"Star Wars" actress Carrie Fisher is receiving treatment in an intensive care unit after suffering a medical emergency on a flight Friday, according to her brother.
Todd Fisher said Friday night that his sister is receiving excellent care, but that he could not classify her condition. He had earlier told The Associated Press that she had been stabilized and was out of the emergency room. In a subsequent interview he said many details about her condition or what caused the medical emergency are unknown.
Carrie Fisher, 60, experienced medical trouble during a flight from London and was treated by paramedics immediately after the plane landed in Los Angeles, according to reports citing unnamed sources.
Celebrity website TMZ, which first reported the incident, said anonymous sources told them the actress suffered a heart attack.
Todd Fisher said much of what had been reported about the incident was speculation.
"We have to wait and be patient," he said. "We have so little information ourselves."
Fisher's publicists and representatives for her mother, Debbie Reynolds, and her daughter, Billie Lourd, did not immediately return calls from the AP.
Los Angeles Fire Department spokesman Erik Scott said paramedics administered advanced life-saving care to a patient at Los Angeles International Airport Friday and transported the person to a nearby hospital. He did not identify the patient.

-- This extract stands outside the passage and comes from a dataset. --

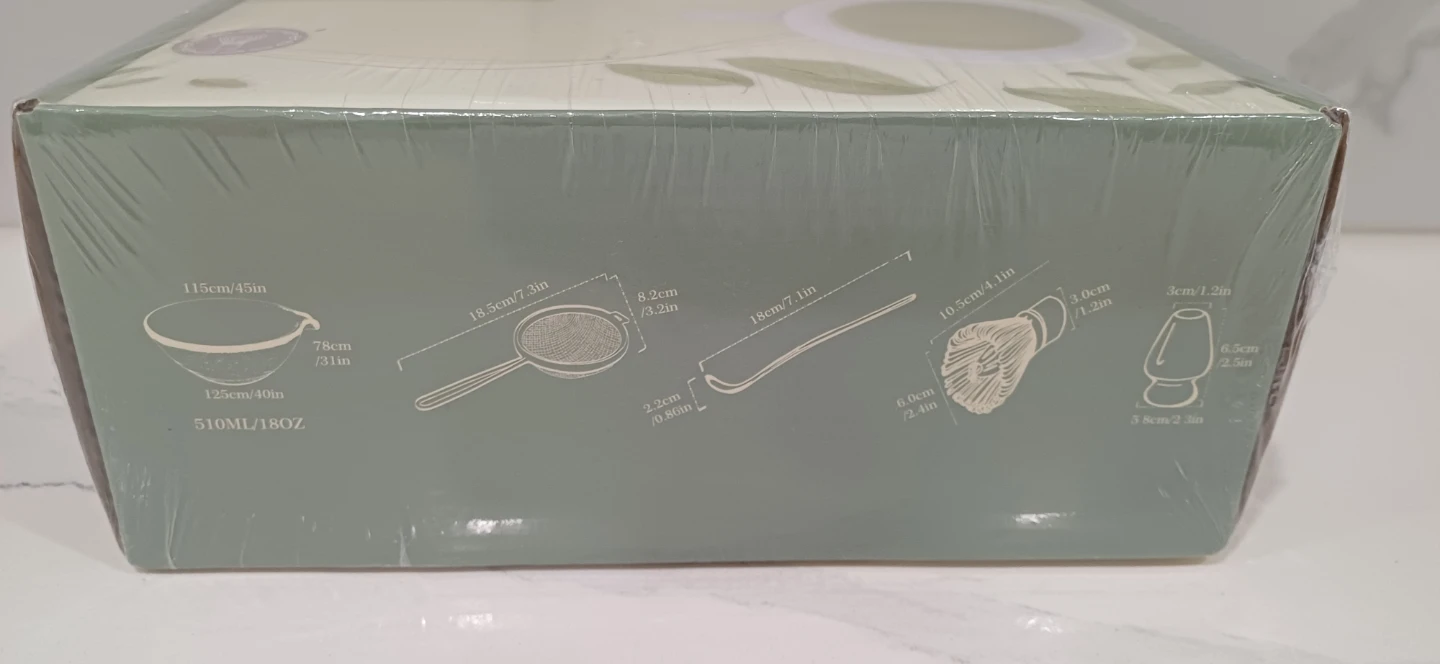 Matcha Set & Whisk - photo 3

A large gathering of media personnel was camped outside Ronald Reagan UCLA Medical Center in Los Angeles hospital, where TMZ and the Los Angeles Times reported she had been taken.
Fisher is considered by many to be a member of Hollywood royalty — her parents are Reynolds and the late singer Eddie Fisher.
Catapulted to stardom as Princess Leia in 1977's "Star Wars," Carrie Fisher reprised the role as the leader of a galactic rebellion in three sequels, including last year's "Star Wars: The Force Awakens."
The author and actress may be best known for her portrayal of Leia, but she is also an accomplished writer known for no-holds-barred accounts of her struggles with addiction and mental illness.
Her thinly veiled autobiography "Postcards from the Edge" was adapted into a 1987 film version starring Shirley MacLaine and Meryl Streep. She also transformed her one-woman show "Wishful Drinking," which played on Broadway and was filmed for HBO, into a book.
Most recently, Fisher has been promoting her latest book, "The Princess Diarist," in which she reveals that she and co-star Harrison Ford had an affair on the set of "Star Wars."